In last week’s 44-34 playoff victory over the Dolphins, Lofton caught seven passes for 149 yards and a touchdown. He left Rich Stadium with a game ball presented by his teammates.
Lofton has 642 catches for 11,963 yards and needs 184 more yards to move past Charlie Joiner. He will then need 944 more to move ahead of Steve Largent and become the NFL’s all-time receiving leader.
Until recently, however, most have regarded Lofton in the past tense. He had eight receptions--for the entire season--in 1989, and by NFL standards, after 12 seasons and at 34, he was near retirement.
“I never thought about retiring,” he said. “I’m one of those guys they’ll have to run out of the locker room. I’ll strap myself to something in the weight room when they come for me.
“But the things I do on the field now are different. The only time two defensive backs get near me is if I’m talking to Andre Reed.”
Instead of going quietly into the record books after being released, Lofton responded to casting calls around the league. He was ready to sign with Philadelphia, but at the last moment Coach Buddy Ryan declined the deal.
In late September of 1989, Lofton auditioned for the Bills.
“We brought him in with a bunch of 22-, 23- and 24-year-olds and he outran all of them,” Buffalo Coach Marv Levy said. “We wanted to see if he had lost speed and movement, and he hadn’t.”
Lofton’s splendid career in Green Bay had come to an early end after two incidents involving young women. Lofton was cleared of all charges, but public sentiment was unforgiving.
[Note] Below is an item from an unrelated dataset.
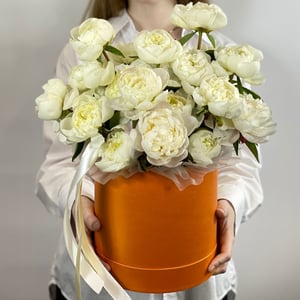 Hat box with flowers 'Ellisa'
Lofton signed with the Bills on Sept. 26, 1989.
“Jim’s addition gave us the big play on the other side from Andre Reed,” said Ted Marchibroda, the Bills’ offensive coordinator. “Here’s one thing I don’t think a lot of people have given thought to: Here’s a guy who hadn’t been with a good quarterback since Lynn Dickey.
“There’s probably a stretch of five years, I’m not sure who they were, but you know the guys who were throwing to him. And now he’s coming in with a guy that can fire it. That makes a little bit of difference in his play.”
Lofton shied away from criticism of the performances of quarterbacks such as Marc Wilson, Jay Schroeder, Steve Beuerlein and Rusty Hilger when Lofton was a Raider.
“Everybody struggled trying to adapt to a new system,” he said. “Nobody really caught on to it as well as they would have liked.
“Coming here I got the chance to play with one of the best quarterbacks in the league, and he’s taken advantage of whatever skill I have.”
Lofton and Kelly went through the rest of the 1989 regular season as if they hadn’t been introduced. But after catching only eight passes in 11 games, Lofton grabbed three for 66 yards and a touchdown in Buffalo’s playoff loss to Cleveland.
Observers in Buffalo figured that Lofton was on his way out when he was left unprotected in Plan B.
But the Bills not only wanted Lofton, they paid dearly to keep him. They persuaded him to rebuff an offer from Philadelphia, tore up his old contract calling for $352,000 this season, and gave him a $200,000 signing bonus, $50,000 reporting bonus and base salaries of $500,000 for 1990 and 1991.
“I’m still just fighting for a job,” said Lofton, who aspires to be an NFL general manager. “You’re always trying to prove you still have what it takes.”